Bail and parole are often mixed up in discussions of the legal system, sometimes even in TV shows and movies. As similar as they might be in concept, bail and parole are two different tools used at different times in the legal process. They have their own requirements and restrictions, and a defendant who’s eligible for parole might not be eligible for bail. Here are the key differences between bail and parole in the U.S. legal system.
What Bail Means
Bail is a kind of restricted release from jail that defendants can access by paying a court-set price known as a bail bond. Depending on the nature and severity of the charges against the defendant, the court will decide if they are eligible for bail and how high their bond should be. The bond price is used as an incentive for defendants to appear at every court date. If defendants can’t pay their bond, they can get financial help from a bail bond agency. Bail is useful for defendants who need to get back to their work, families, or any other outside obligations before their trial.
What Parole Means
Parole happens at the end of the legal process after the defendant has been convicted of a crime. A suspect can get parole as a reward for good behavior in prison or jail if the court rules them eligible. For example, someone with a five year prison sentence might be able to get out on parole after four years if they are reported to be a compliant, well-mannered inmate. Some convicts might be sentenced to parole without prison time if their crime isn’t too severe, or if they took a plea deal or behaved well in jail or out on bail.
The Difference Between Bail and Parole
Although bail and parole are both restricted releases used to incentivize inmates, they’re very different from each other.

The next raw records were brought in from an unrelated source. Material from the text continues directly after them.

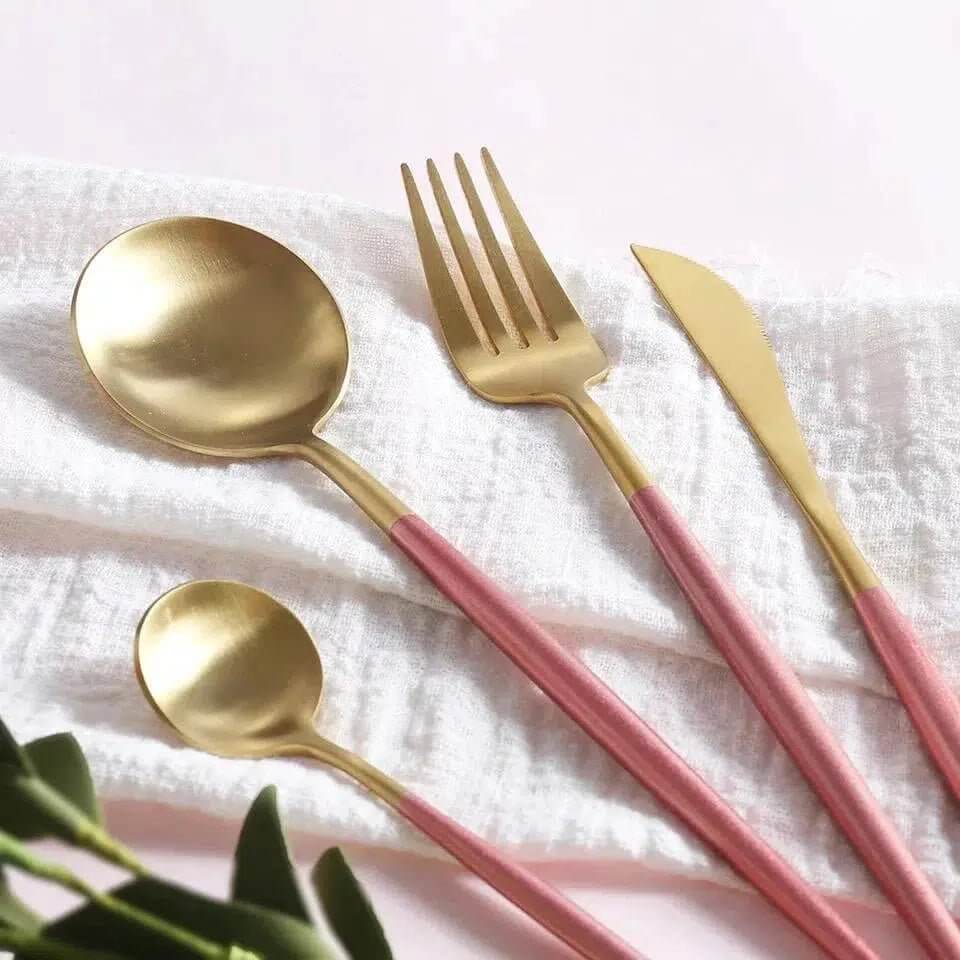 Pink + Gold Cutlery Set - Tabby Lighting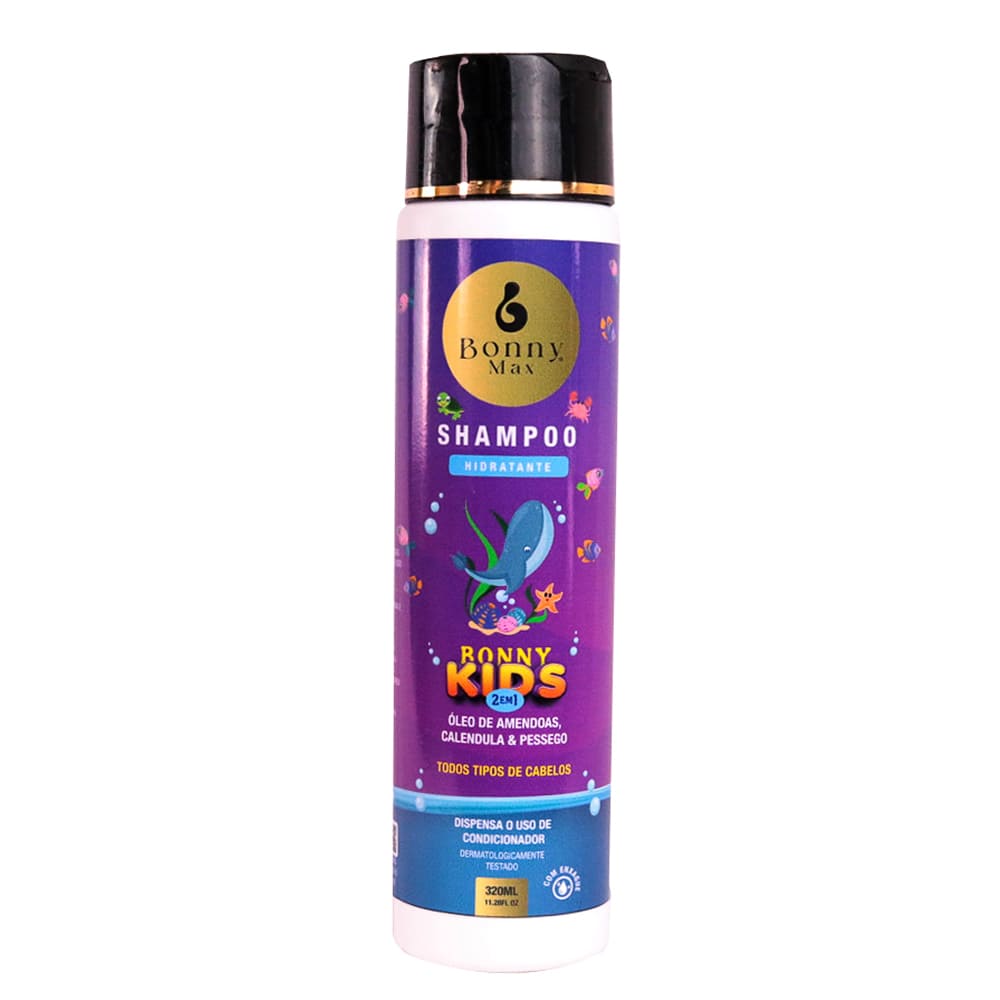 Shampoo 2x1 Hidratante BonnyKids óle de amendoas calendula e Pessego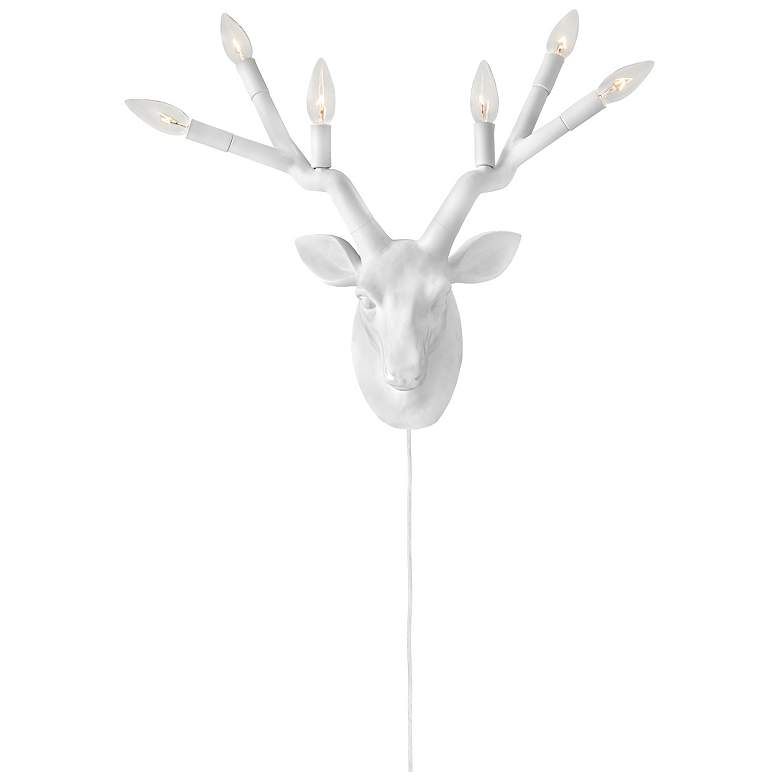 Image 4 Hinkley Stag Deer Head 20" White Modern Rustic Plug-In Wall Sconce more views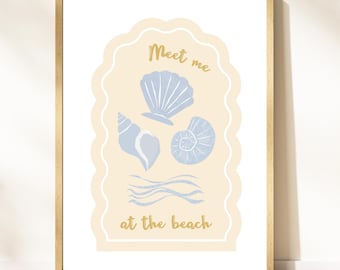 Encuéntrame en la playa, arte de pared, impresión de descarga digital, impresión de cita de playa, decoración costera, regalo para ella, arte de pared de conchas marinas, póster náutico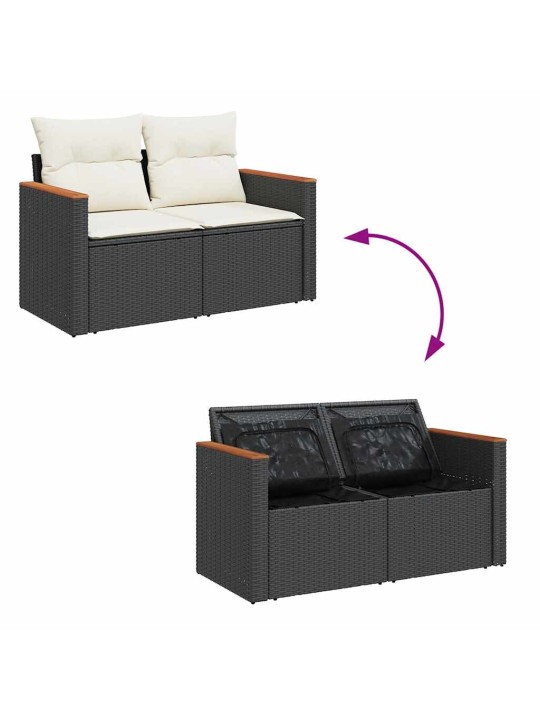 6-OSALINE AIADIIVANI KOMPLEKT PATJADEGA, MUST, ROTANG/AKAATSIA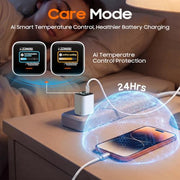 Smart Charging Butler–45W GaN Display Fast Charger with 6.6ft C-to-C Cable | Fast Charging,Active Cooling,90° Foldable Plug,Power Display,Device Recognition,Care Mode,for iPhone 18 Pro Max/17/16,eBook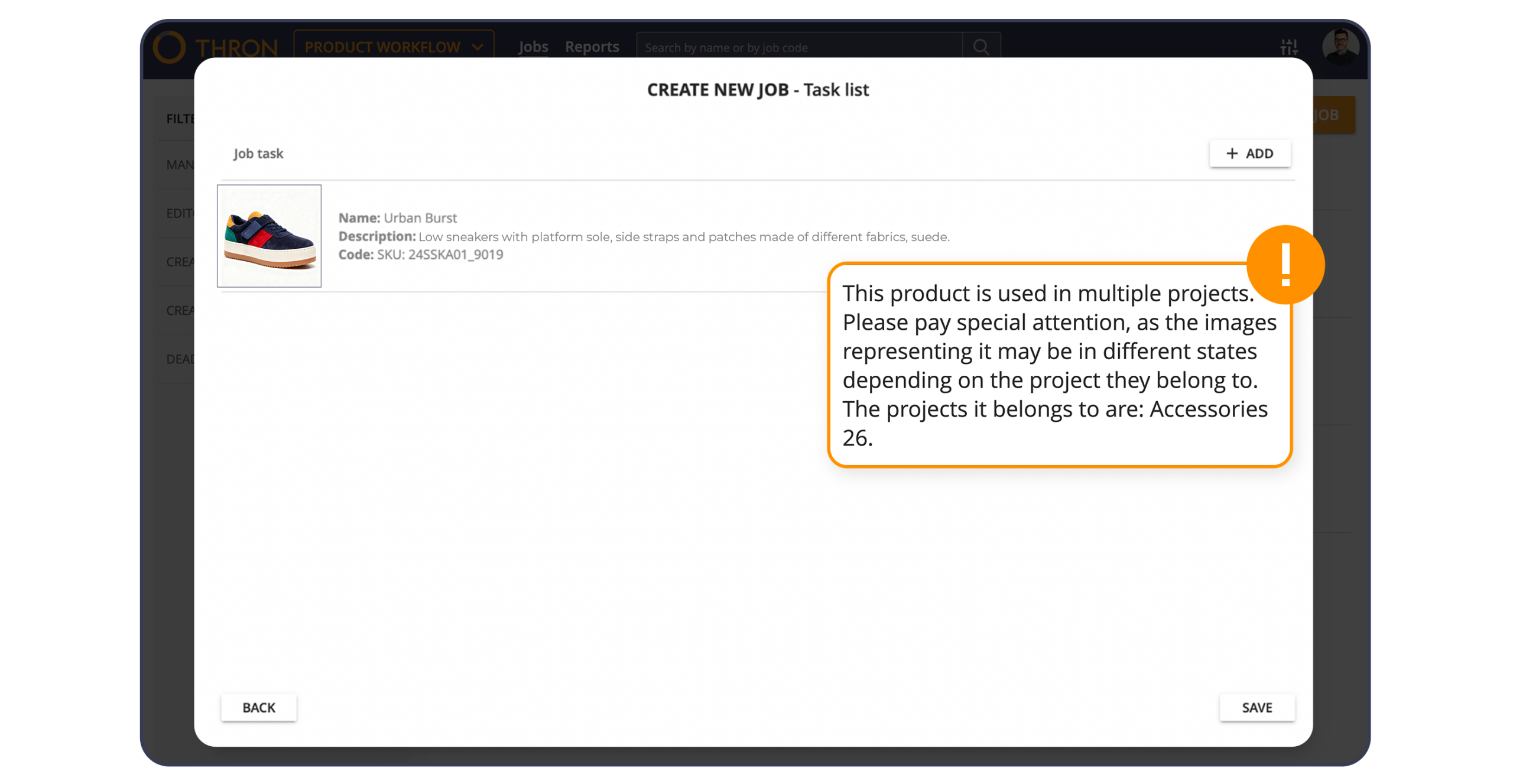 Interface of the "create new job" section where the warning appears that the selected product is used in multiple other projects.
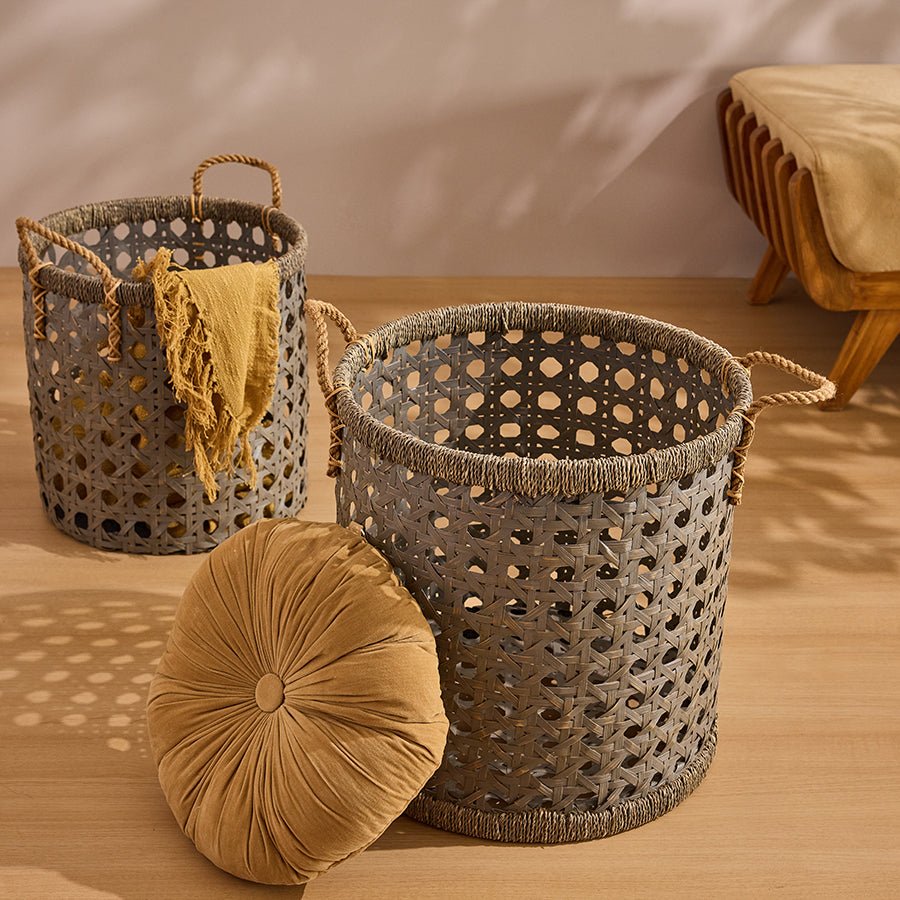 Bamboo Rope Handle Basket | Grey Wash Finish | Handwoven Storage Baske – Baskets & Boxes on Brown Living™. SKU: RattanRopeHandlePlanterGreyWashSmall. Img 2.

Bail is an incentive for defendants to comply with court dates, while parole is an incentive for inmates to behave. Contrary to bail which happens before the defendant’s trial, parole is only offered after they are convicted of a crime and usually after a certain amount of time behind bars. Bail is offered by a judge, while parole is typically offered by a specialized parole board. A defendant will be sent back to jail to await their day in court if they get arrested on bail, but a convict who gets arrested on parole will be sent back to prison to complete the rest of their original sentence.